Belangrijke factoren die nodig zijn voor zaadkieming in planten (interne en externe factoren)

Enkele van de belangrijkste factoren die nodig zijn voor zaadkieming in planten zijn als volgt:

Externe factoren:

1. Water:

Kieming kan niet plaatsvinden tenzij en totdat het zaad is voorzien van een externe toevoer van water.

Water wordt geabsorbeerd door een droog zaad door de micro-Pyle en de zaadvacht. Water vervult een aantal functies tijdens het ontkiemen van zaden.

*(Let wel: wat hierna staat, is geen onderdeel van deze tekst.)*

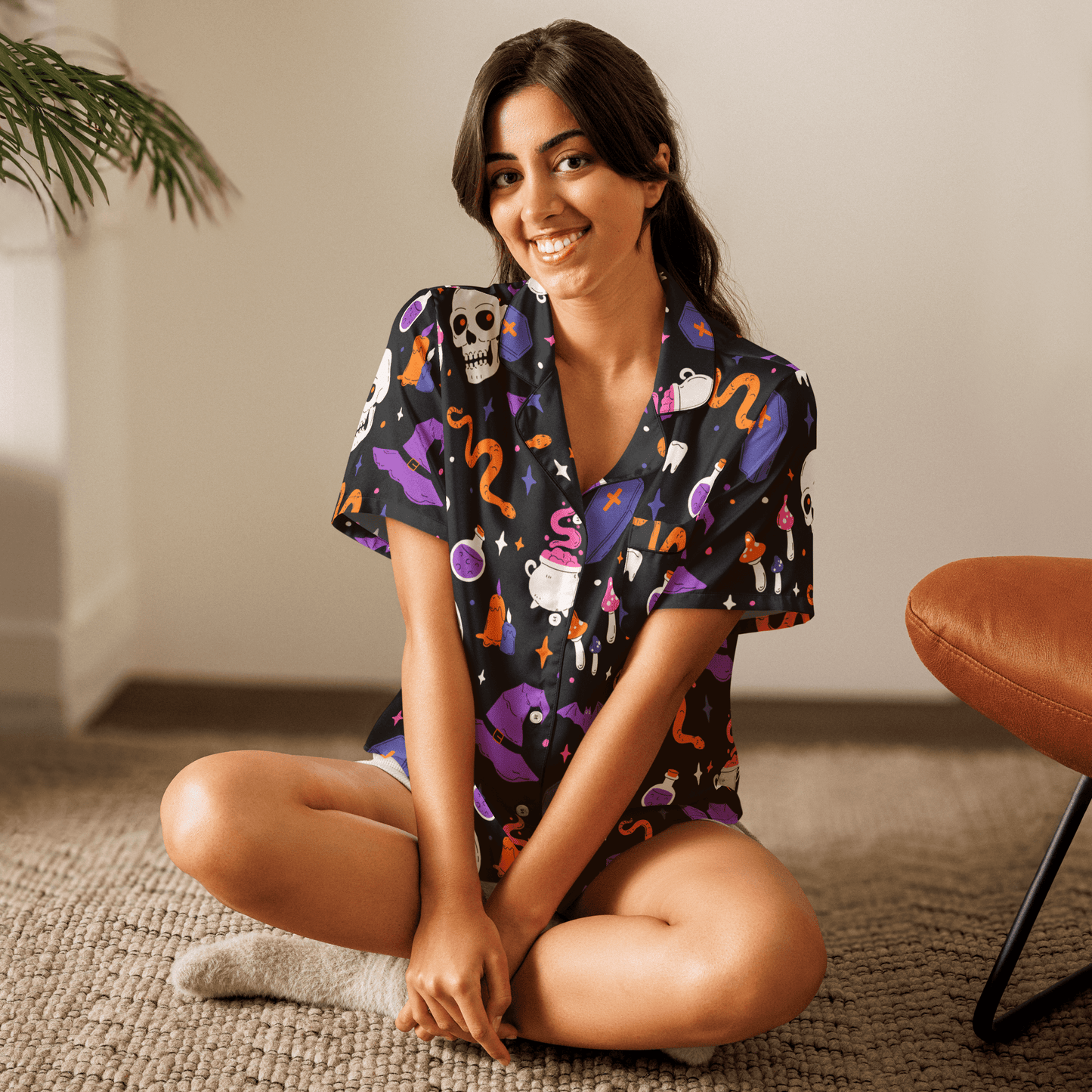 Witch's Whimsy Silky Pajama Top Goth Cloth Co.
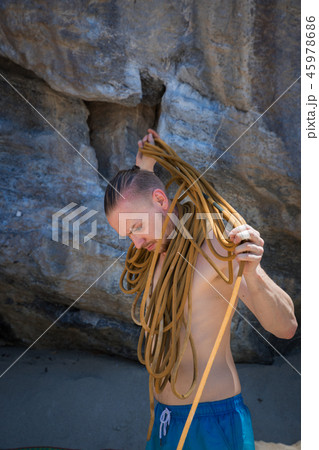 man rock climbing on karst white mountain 45978686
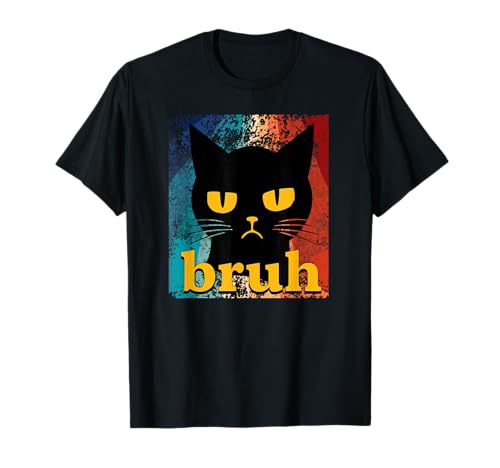 Retro Grunge Katze Bruh Lustig Apathisch Meme T-Shirt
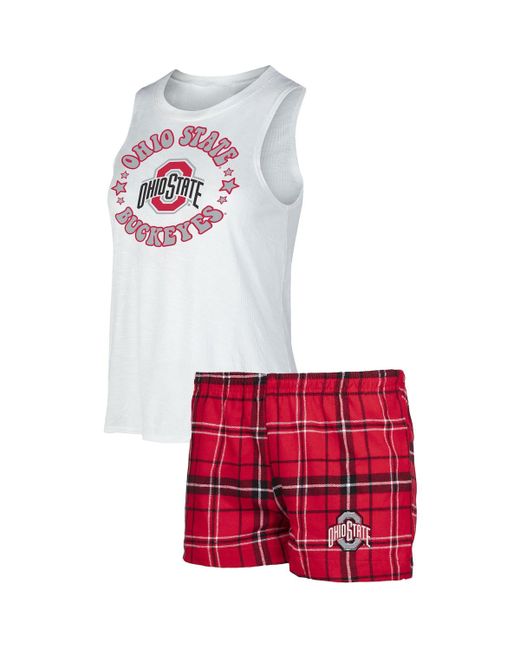Concepts Sport Ohio State Buckeyes Ultimate Flannel Tank Top and Shorts Sleep Set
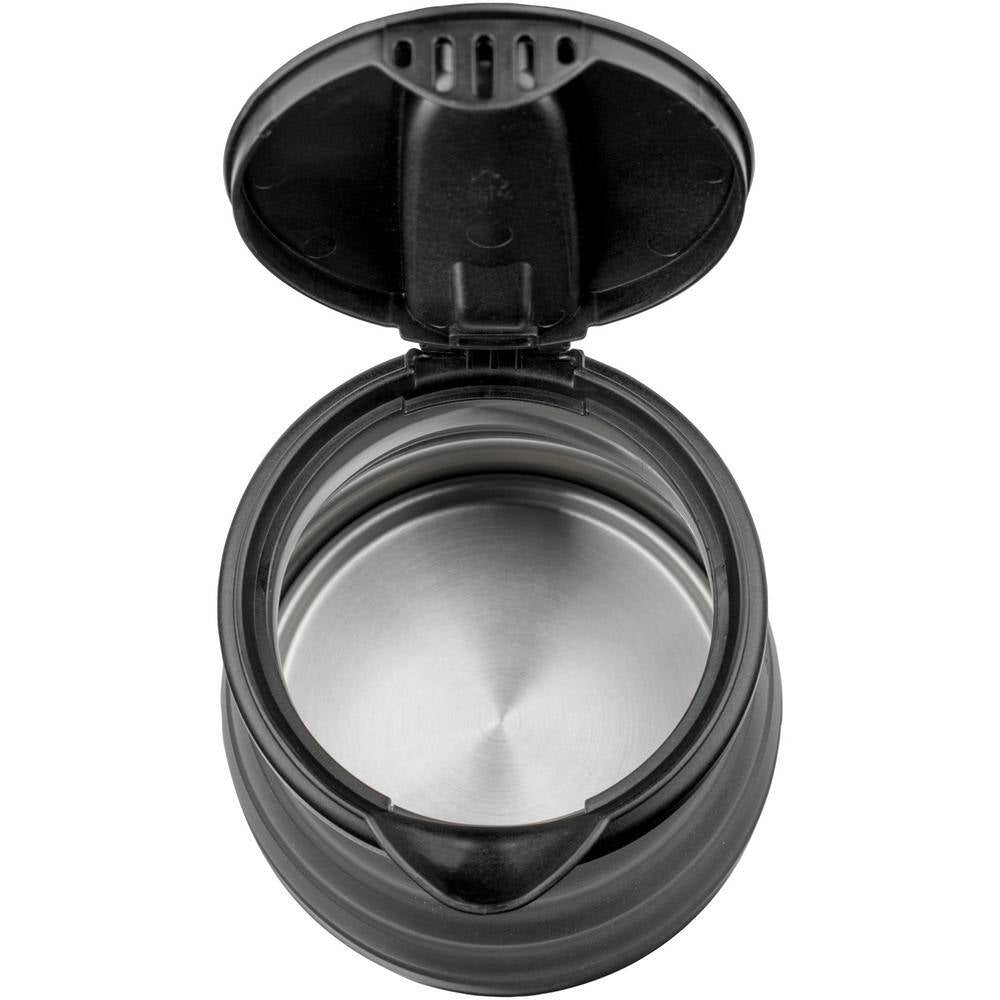 3.4-Cup Black Dual-Voltage Collapsible Travel Kettle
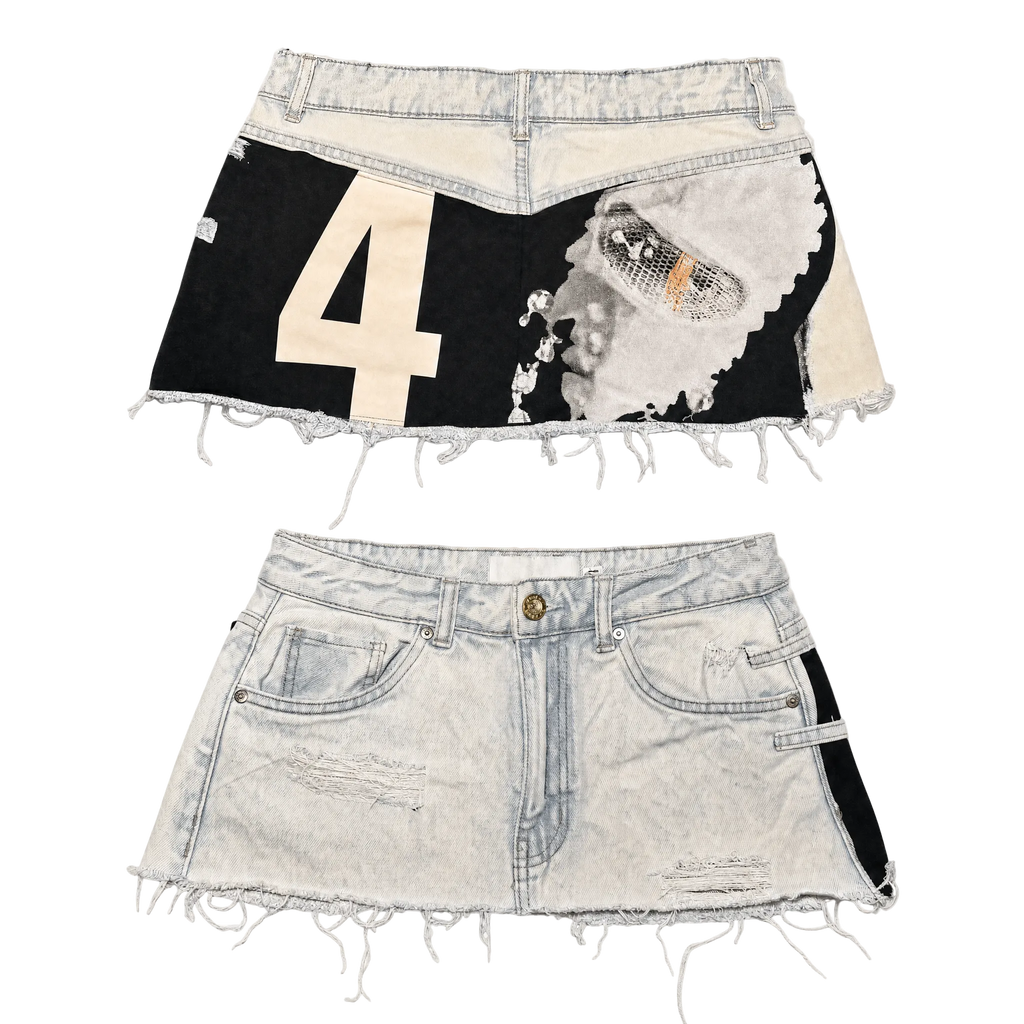 Number 4 Distressed Denim Mini Skirt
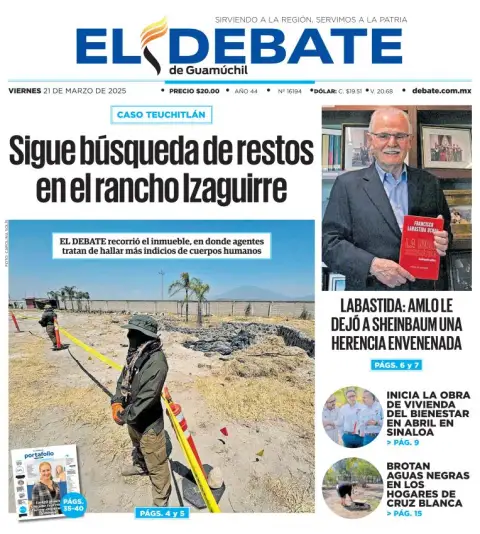 Portada de El Debate de Guamuchil del viernes, 21 de marzo de 2025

(a) Het maakt de zaadlaag zachter en maakt het doorlaatbaar. Verhoogde permeabiliteit maakt betere gasuitwisseling mogelijk.

(b) Water activeert het protoplasma van de zaadcellen.

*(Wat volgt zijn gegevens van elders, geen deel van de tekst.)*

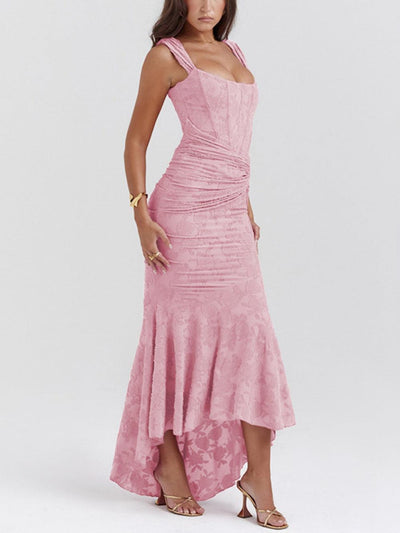 Reyanna™ | Light Pink bell floral maxi dress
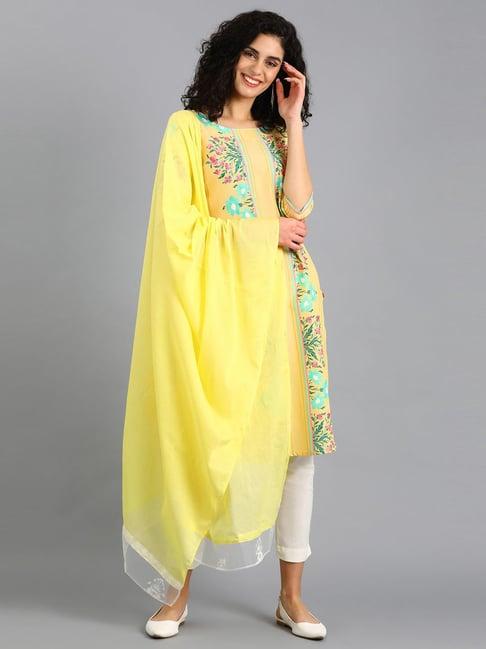 w yellow floral print straight kurti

(c) Onoplosbare voedselmaterialen worden gesolubiliseerd in aanwezigheid van water dat vervolgens diffundeert van het opslaggebied naar de embryo-as.

(d) Verschillende enzymen die essentieel zijn voor groei en ontkieming ontwikkelen zich alleen in aanwezigheid van water.

2. Zuurstof:

Beluchting van de grond is absoluut noodzakelijk voor de kieming van het zaad, omdat zuurstof nodig is voor de aërobe ademhaling waardoor de zaden de vereiste energie krijgen voor de groei van het embryo.

3. Temperatuur:

Zaden ontkiemen normaal gesproken binnen een breed temperatuurbereik. Vers geoogste zaden van verschillende planten ontkiemen echter alleen binnen een smal temperatuurbereik dat alleen breder wordt wanneer de nagisting heeft plaatsgevonden.

4. Licht:

Planten verschillen wat betreft het effect van licht op hun kieming. Zaden van veel planten zijn licht-onverschillig of niet-lichtbestendig, dwz ze worden niet beïnvloed door kieming door de aanwezigheid of afwezigheid van licht. De meeste van onze belangrijke gewasplanten behoren tot deze categorie. De zaden die worden beïnvloed door licht worden beschreven als fotoblastisch.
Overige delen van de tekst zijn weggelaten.